Myoclonus is one of the signs in a wide variety of nervous system disorders such as dystonia, multiple sclerosis, Parkinson's disease, Creutzfeldt-Jakob disease (CJD), serotonin toxicity, Huntington disease, subacute sclerosing panencephalitis, Alzheimer's disease, and Gaucher disease.
Etiologically, myoclonus can be primary or secondary. Primary myoclonus can further be subdivided into physiological myoclonus (hypnic jerks which occur in normal individuals), essential myoclonus (idiopathic or hereditary), and epileptic myoclonus, while secondary myoclonus is also called 'symptomatic myoclonus, where the myoclonus is secondary to an underlying disorder.
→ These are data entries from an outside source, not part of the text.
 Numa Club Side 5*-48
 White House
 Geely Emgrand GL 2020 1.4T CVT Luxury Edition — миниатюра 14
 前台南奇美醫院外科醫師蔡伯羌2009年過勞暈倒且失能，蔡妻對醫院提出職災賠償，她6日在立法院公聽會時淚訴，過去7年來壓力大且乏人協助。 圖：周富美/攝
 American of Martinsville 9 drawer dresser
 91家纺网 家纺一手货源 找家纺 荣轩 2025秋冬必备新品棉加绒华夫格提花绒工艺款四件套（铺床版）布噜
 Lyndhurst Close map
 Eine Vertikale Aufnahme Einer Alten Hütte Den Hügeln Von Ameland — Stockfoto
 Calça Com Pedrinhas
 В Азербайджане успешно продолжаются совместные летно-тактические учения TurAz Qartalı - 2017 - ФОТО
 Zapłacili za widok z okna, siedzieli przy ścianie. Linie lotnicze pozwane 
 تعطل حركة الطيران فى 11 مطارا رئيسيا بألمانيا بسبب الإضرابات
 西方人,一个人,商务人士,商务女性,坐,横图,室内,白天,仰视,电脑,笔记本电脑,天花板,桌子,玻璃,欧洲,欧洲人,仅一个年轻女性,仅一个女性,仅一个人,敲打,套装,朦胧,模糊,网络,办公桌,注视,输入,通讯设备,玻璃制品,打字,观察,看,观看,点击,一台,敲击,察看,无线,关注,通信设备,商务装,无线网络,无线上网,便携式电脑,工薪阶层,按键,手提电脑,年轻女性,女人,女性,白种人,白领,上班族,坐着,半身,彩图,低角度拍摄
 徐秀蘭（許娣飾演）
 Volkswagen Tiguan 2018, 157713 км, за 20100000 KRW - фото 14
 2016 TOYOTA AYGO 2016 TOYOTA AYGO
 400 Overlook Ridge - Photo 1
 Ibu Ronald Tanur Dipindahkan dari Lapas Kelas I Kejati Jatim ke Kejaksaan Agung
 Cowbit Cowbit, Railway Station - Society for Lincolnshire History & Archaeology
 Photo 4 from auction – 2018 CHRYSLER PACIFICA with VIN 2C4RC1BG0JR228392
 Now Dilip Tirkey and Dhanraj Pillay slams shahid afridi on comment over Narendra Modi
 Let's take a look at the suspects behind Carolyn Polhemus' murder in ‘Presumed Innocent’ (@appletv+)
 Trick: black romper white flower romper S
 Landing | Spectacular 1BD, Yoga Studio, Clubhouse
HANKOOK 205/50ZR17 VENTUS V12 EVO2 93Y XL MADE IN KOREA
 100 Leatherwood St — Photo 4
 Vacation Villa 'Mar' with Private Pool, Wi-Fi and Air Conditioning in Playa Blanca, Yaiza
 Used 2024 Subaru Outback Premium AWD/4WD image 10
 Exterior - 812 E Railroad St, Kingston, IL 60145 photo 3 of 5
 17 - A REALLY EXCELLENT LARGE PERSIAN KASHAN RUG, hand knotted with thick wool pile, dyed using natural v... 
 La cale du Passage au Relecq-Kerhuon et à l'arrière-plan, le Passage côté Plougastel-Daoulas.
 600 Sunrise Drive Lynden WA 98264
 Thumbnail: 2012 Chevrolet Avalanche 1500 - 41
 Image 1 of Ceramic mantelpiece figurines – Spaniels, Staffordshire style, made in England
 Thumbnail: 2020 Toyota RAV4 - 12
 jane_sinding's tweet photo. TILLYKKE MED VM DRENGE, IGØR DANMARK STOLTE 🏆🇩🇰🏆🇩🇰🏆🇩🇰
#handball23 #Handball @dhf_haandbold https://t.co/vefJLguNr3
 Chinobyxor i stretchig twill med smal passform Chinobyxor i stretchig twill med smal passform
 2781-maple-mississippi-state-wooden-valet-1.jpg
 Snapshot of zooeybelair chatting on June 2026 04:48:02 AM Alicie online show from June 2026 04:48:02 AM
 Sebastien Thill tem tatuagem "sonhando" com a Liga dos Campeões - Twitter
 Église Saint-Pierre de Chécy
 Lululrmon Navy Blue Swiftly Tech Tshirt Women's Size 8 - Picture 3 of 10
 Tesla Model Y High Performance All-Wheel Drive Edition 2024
Moreover, myoclonus can be subdivided by its anatomical origin into the following types:
Since functional myoclonus is among the most common functional movement disorders, it is crucial to differentiate it from organic myoclonus. This can be done through the localization of the movements. Features in favor of an organic cause over a functional cause of myoclonus include consistent phenomenology, insidious onset, or response to benzodiazepines or antiepileptic medication. The presence of spontaneous periods of remission, pronounced reduction of the myoclonus with distraction, acute onset, and sudden resolution favors the functional diagnosis of myoclonus.
In the United States, myoclonus is not common, with a lifetime prevalence of 8.6 per 100,000 population. After 50 years of age, the prevalence increases. In about a quarter of cases (27%), myoclonus is transient and usually drug-induced. About 8% of the myoclonic cases are functional. The average annual incidence of myoclonus (from 1976 to 1990) was 1.3 cases per 100 000 person-years.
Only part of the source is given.